*** Block opens ***

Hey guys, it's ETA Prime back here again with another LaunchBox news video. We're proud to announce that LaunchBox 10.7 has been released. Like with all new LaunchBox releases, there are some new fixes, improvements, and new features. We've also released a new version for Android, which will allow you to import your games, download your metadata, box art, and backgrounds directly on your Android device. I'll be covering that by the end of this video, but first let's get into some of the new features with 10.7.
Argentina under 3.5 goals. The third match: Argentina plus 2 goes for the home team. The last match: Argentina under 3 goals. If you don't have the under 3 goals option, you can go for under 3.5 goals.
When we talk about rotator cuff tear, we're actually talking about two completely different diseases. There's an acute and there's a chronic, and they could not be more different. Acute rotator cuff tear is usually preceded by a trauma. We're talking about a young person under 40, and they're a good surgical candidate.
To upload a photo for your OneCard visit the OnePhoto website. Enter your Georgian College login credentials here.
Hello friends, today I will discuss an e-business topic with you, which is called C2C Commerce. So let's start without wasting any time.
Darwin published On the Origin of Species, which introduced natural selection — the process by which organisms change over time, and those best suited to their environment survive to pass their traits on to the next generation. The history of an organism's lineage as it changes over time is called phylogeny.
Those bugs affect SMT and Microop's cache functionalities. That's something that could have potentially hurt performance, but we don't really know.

*** Block closes ***
*** Block opens ***

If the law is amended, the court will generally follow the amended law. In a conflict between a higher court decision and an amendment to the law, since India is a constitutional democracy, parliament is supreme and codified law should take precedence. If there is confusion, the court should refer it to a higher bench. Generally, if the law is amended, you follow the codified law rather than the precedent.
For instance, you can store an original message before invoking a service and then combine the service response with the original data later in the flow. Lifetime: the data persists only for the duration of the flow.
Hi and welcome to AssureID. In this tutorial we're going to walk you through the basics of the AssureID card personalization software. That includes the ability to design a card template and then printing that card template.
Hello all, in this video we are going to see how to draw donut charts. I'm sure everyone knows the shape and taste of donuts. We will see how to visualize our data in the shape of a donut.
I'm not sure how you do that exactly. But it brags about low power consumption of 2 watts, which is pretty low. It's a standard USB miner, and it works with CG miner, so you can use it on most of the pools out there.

*** Block closes ***

* _Your task_
Copy all lines of the records in which the string "then" can be found.

* _The completed task_
For instance, you can store an original message before invoking a service and then combine the service response with the original data later in the flow. Lifetime: the data persists only for the duration of the flow.
Hi and welcome to AssureID. In this tutorial we're going to walk you through the basics of the AssureID card personalization software. That includes the ability to design a card template and then printing that card template.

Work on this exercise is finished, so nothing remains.